I shall not attempt in the present article to review Professor Baldwin's treatment of all these subjects, or even to summarize his conclusions. I shall examine only the two conceptions that are of chief interest to the sociologist. These, of course, are the conception of the social nature of the self, or individual personality, and the conception of the psychic nature of society.

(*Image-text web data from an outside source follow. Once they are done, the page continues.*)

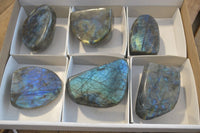 Polished Labradorite Standing Free Forms  x 6 From Tulear, Madagascar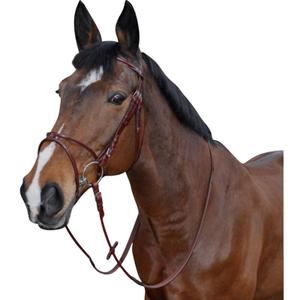 121130-camel-trans-for-rundridning-atlanta-lexington-kamel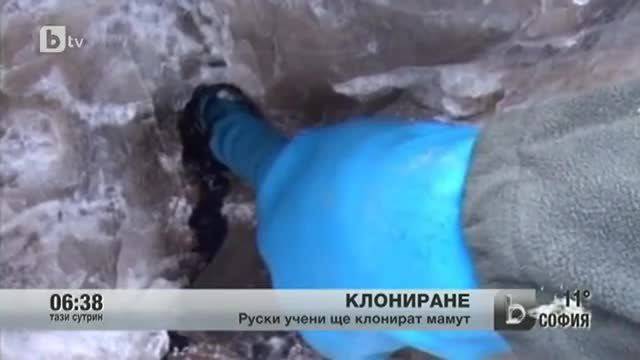 Учени извлякоха напълно запазени кръв и тъкан от мамут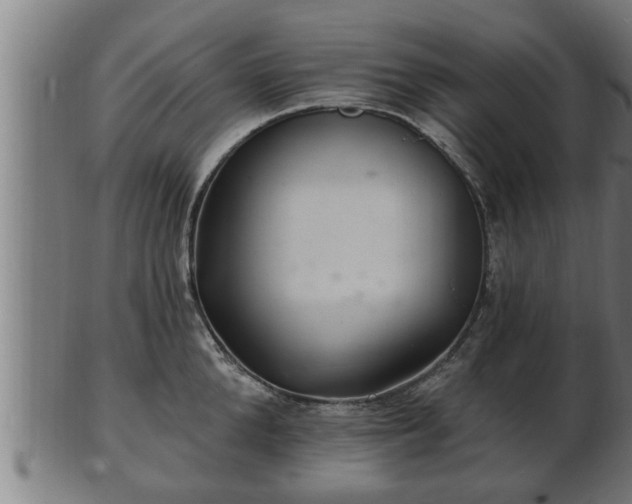 X0000103320904200809121145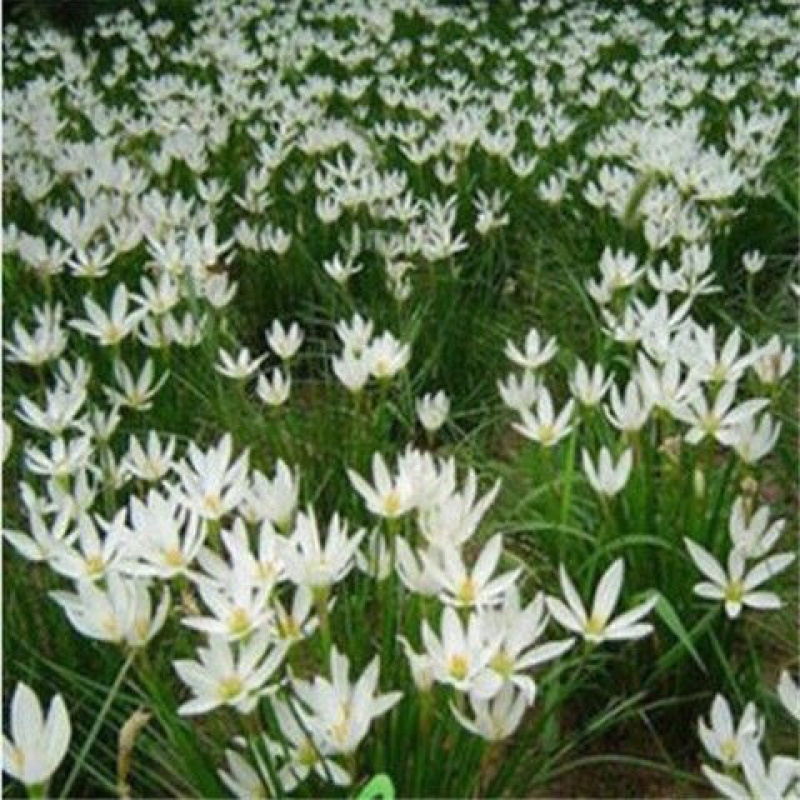 浓香型葱兰花卉盆栽绿植室内外阳台植物四季常青好养活包成活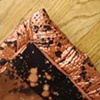 Copper.BlackHoles/ 1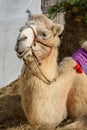 Bactrian camel lies on hay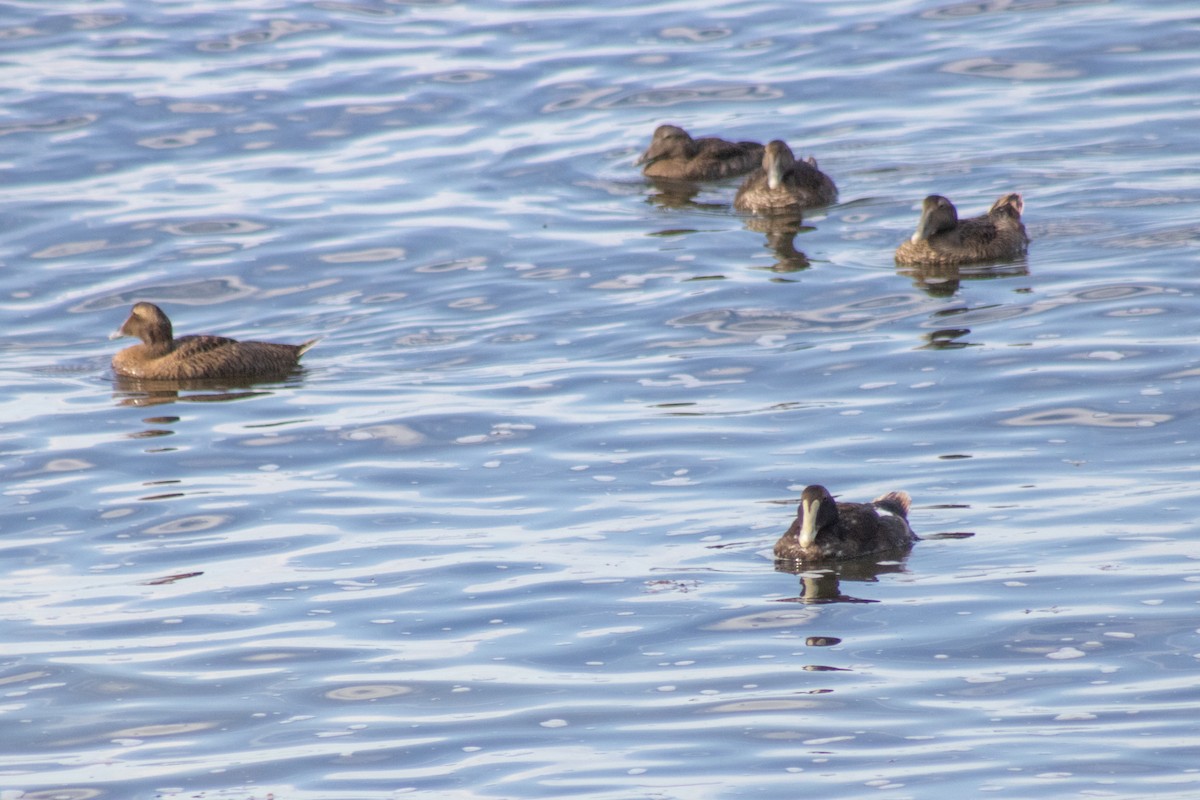 Eider arrunta - ML642842337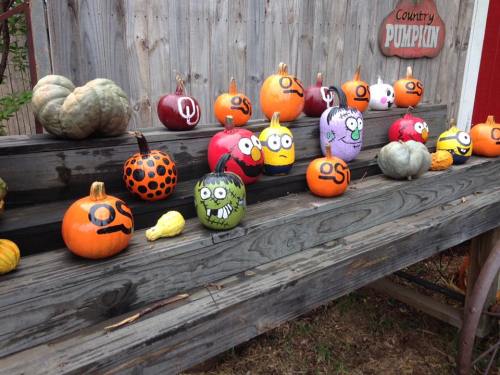 A variety of painted pumpkins in different colors and designs displayed on a wooden bench.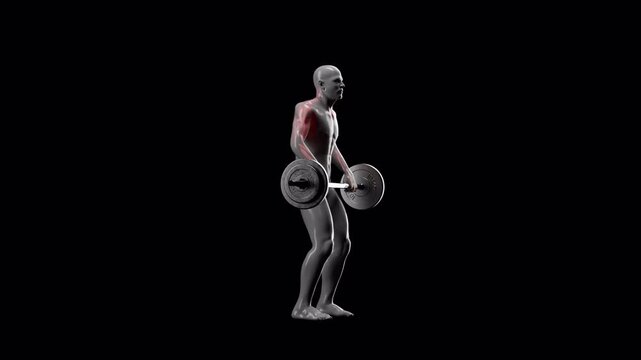 Barbell Shoulder Grip Upright Row, Muscles Worked Anatomy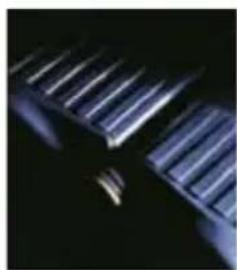 Steiner Champ 8x22 - Capuchons - 1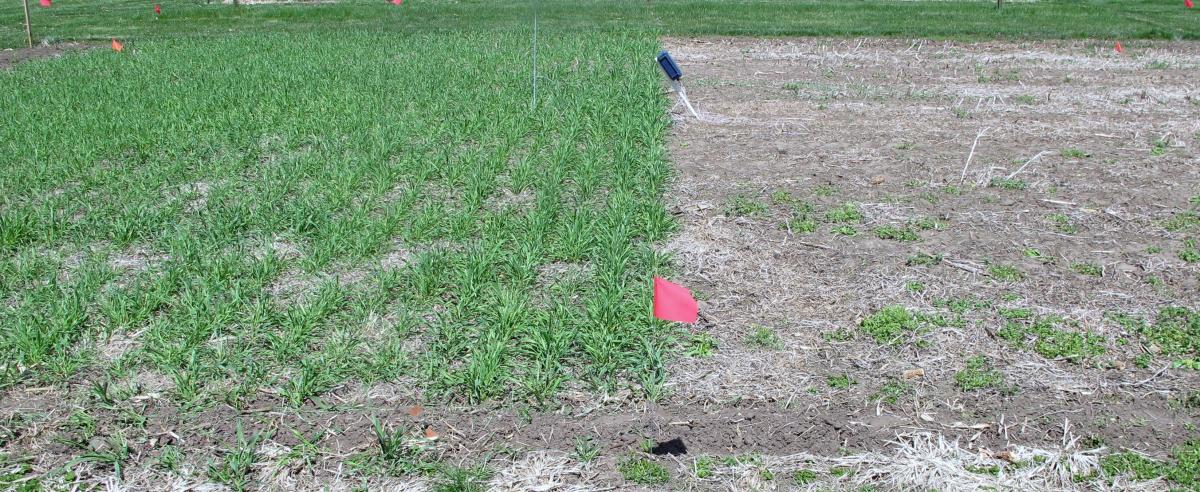 Research plots with no-till soybean residue with and without plantings of cereal rye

Psychology, some time ago, got beyond the conundrum

" Should I be I or should I be
One-tenth another and nine-tenths me"

if my great-grandmother had married another suitor? It seems to be agreed on all hands that in any case the ego is nine-tenths or more somebody else. That is to say, his individual personality is for the most part a product of his intercourse with other personalities. Professor Baldwin, as readers of his earlier works are aware, goes even beyond writers like Ribot and James in his account of the composite origin of the self. He holds that not only does the self incorporate elements from other personalities, so that, at any given time, it includes thoughts and feelings derived from others, and acts in imitation of the conduct of others, but also that its very thought of itself is merely one pole of a consciousness `of a sense of personality generally,' the other pole of which is the thought of some other person or alter.

This comprehensive sense of personality at first is merely projective—to use Professor Baldwin's term ; it is a mass of more or less vague impressions received from persons who are encountered and observed. It is secondly subjective ; the ego, by its imitations of observed persons, incorporates their peculiarities to some extent in itself. It is thirdly ejective; the self interprets observed persons in terms of its own feelings, thoughts and habits. This give and take between the individual and his fellows Professor Baldwin calls ` the dialectic of personal growth;' and he says it may be read thus : " My thought of self is in the main, as to its character as a personal self, filled up with my thought of others, distributed variously as individuals ; and my thought of others, as persons, is mainly filled up with myself. In other words, but for certain minor distinctions in the filling, and for certain compelling distinctions between that which is immediate and that which is objective, the ego and the alter are to our thought one and the same thing." Thus the individual is always a socius, and not merely because, after reaching adult life, the necessity of cooperating with his fellow-men compels him to adapt himself to them and to modify an original egoism by the cultivation of social habits, but because, from his earliest infancy, his own development as a self-conscious person has been incorporating social elements and creating within himself a social no less than an individual point of view.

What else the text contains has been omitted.